En partenariat avec Madaniya.info – Les rodomontades de Donald Trump sur la Syrie paraissent relever de la gesticulation diplomatique et la menace d’un nouveau bombardement de ce pays au prétexte d’un probable usage d’armes chimiques par le pouvoir baasiste paraît destiné à entraver le déploiement du Hezbollah sur le Golan et à compenser le revers psychologique majeur représenté par la jonction des frontières terrestres entre la Syrie et l’Irak, malgré l’obstruction américaine.
Cauchemar absolu des Israéliens, la présence dans le secteur du Golan de la formation paramilitaire chiite libanaise, à la stature pan-régionale depuis ses retentissantes victoires de Syrie, qui plus est à la jonction des trois frontières (Syrie-Jordanie-Israël), est vécue comme une réelle menace par l’État Hébreu, au point de réduire à néant ses efforts visant à sécuriser sa frontière nord. Par la destruction programmée des pays arabes du «champ de bataille»: Liban, Syrie, Irak, Palestine.

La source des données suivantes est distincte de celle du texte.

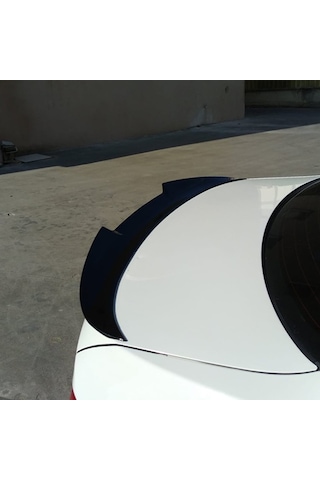 Bmw E90 Yarasa Anatomik Spoiler 2006 - 2012 Arasına Uyumludur Aracınızın Rengi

L’ÉCHEC DE LA COALITION ATLANTISTE SUR LE FRONT SUD DE LA SYRIE.

La coalition atlantiste pensait compenser la perte d’Alep, fin décembre 2016, par l’ouverture d’un nouveau front au sud de la Syrie, dans la perspective de la chute des deux places fortes djihadistes, Mossoul (Irak) et Raqa-Deir Ez Zor (Syrie). Mais la Syrie et ses alliés paraissent être parvenus à contre-carrer les plans des Occidentaux, en dépit de la présence de Britanniques auprès des forces jordaniennes et des Israéliens auprès des djihadistes sur le Golan. En dépit des raids israéliens contre les positions gouvernementales syriennes en soutien aux djihadistes en mauvaise posture.

Près de cinquante groupements djihadistes opéraient sur le front sud de la Syrie, davantage préoccupés à se faire la guerre pour le leadership de la zone qu’à combattre le pouvoir baasiste. Supplantés au poteau par les sympathisants d’Al Qaida, ce bouleversement a réduit à néant le projet américain d’introniser une direction «djihadiste modérée» (sic) à la tête de cette zone frontalière syro-israélienne, en guise de contrepoids à une éventuel ancrage du Hezbollah.

La guerre intestine des pétromonarchies du Golfe, notamment entre l’Arabie saoudite et le Qatar, -les deux principaux bailleurs de fonds des djihadistes-, la bouderie de la Turquie, davantage préoccupée par la progression kurde dans le nord de la Syrie, avec le soutien des États Unis, ont contribué à ce revers.

Pour aller plus loin sur ce sujet, à l’intention du lecteur arabophone ce lien,

La précédente démonstration de force de Donald Trump au prétexte chimique contre la Syrie, le 8 avril 2017, avait pour objectif principal de doter d’une stature internationale le président américain décrié depuis sa prise de fonction pour ses mesures xénophobes et populistes, notamment le «Muslim Ban» et construction d’un mur de séparation avec le Mexique. Et de lui donner l’occasion de se débarrasser à peu de frais d’un arsenal militaire désormais obsolète.

EMMANUEL MACRON DANS LE PIÈGE DU BOURBIER CHIMIQUE?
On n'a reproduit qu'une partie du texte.